Exercise requirements:
Keeping each line exactly as it is, output all of the records.

[Opening Information supplied section]

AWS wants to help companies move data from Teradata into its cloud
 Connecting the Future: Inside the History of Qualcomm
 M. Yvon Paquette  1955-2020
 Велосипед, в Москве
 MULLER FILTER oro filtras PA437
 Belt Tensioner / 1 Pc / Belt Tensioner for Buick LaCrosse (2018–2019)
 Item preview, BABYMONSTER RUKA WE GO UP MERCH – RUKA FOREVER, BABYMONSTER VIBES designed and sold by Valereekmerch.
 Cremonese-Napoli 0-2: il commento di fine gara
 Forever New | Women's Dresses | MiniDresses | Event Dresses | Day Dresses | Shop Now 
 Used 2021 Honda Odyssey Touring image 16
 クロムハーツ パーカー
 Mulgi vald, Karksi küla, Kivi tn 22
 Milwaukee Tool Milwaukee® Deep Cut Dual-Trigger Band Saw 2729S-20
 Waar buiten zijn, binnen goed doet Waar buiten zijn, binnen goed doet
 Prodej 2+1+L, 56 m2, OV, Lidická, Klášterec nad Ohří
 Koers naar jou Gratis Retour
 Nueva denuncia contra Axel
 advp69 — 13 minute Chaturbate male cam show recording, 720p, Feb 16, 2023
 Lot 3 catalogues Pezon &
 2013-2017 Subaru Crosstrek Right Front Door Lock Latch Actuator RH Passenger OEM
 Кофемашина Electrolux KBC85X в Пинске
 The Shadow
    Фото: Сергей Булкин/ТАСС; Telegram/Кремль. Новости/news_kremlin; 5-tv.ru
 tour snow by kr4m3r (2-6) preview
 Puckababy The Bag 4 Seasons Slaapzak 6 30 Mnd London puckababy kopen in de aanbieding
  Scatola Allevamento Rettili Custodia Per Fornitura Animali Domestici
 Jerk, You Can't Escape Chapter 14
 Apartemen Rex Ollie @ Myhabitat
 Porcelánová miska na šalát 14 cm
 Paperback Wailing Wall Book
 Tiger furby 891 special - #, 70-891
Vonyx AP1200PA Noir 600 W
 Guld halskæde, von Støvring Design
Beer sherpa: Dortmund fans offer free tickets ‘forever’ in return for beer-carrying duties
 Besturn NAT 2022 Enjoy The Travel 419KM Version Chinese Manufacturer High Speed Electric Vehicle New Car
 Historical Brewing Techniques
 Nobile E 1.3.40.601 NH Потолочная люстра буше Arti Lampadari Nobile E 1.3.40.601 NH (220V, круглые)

[Closing Information supplied section]

Written answer:
AWS wants to help companies move data from Teradata into its cloud
 Connecting the Future: Inside the History of Qualcomm
 M. Yvon Paquette  1955-2020
 Велосипед, в Москве
 MULLER FILTER oro filtras PA437
 Belt Tensioner / 1 Pc / Belt Tensioner for Buick LaCrosse (2018–2019)
 Item preview, BABYMONSTER RUKA WE GO UP MERCH – RUKA FOREVER, BABYMONSTER VIBES designed and sold by Valereekmerch.
 Cremonese-Napoli 0-2: il commento di fine gara
 Forever New | Women's Dresses | MiniDresses | Event Dresses | Day Dresses | Shop Now 
 Used 2021 Honda Odyssey Touring image 16
 クロムハーツ パーカー
 Mulgi vald, Karksi küla, Kivi tn 22
 Milwaukee Tool Milwaukee® Deep Cut Dual-Trigger Band Saw 2729S-20
 Waar buiten zijn, binnen goed doet Waar buiten zijn, binnen goed doet
 Prodej 2+1+L, 56 m2, OV, Lidická, Klášterec nad Ohří
 Koers naar jou Gratis Retour
 Nueva denuncia contra Axel
 advp69 — 13 minute Chaturbate male cam show recording, 720p, Feb 16, 2023
 Lot 3 catalogues Pezon &
 2013-2017 Subaru Crosstrek Right Front Door Lock Latch Actuator RH Passenger OEM
 Кофемашина Electrolux KBC85X в Пинске
 The Shadow
    Фото: Сергей Булкин/ТАСС; Telegram/Кремль. Новости/news_kremlin; 5-tv.ru
 tour snow by kr4m3r (2-6) preview
 Puckababy The Bag 4 Seasons Slaapzak 6 30 Mnd London puckababy kopen in de aanbieding
  Scatola Allevamento Rettili Custodia Per Fornitura Animali Domestici
 Jerk, You Can't Escape Chapter 14
 Apartemen Rex Ollie @ Myhabitat
 Porcelánová miska na šalát 14 cm
 Paperback Wailing Wall Book
 Tiger furby 891 special - #, 70-891
Vonyx AP1200PA Noir 600 W
 Guld halskæde, von Støvring Design
Beer sherpa: Dortmund fans offer free tickets ‘forever’ in return for beer-carrying duties
 Besturn NAT 2022 Enjoy The Travel 419KM Version Chinese Manufacturer High Speed Electric Vehicle New Car
 Historical Brewing Techniques
 Nobile E 1.3.40.601 NH Потолочная люстра буше Arti Lampadari Nobile E 1.3.40.601 NH (220V, круглые)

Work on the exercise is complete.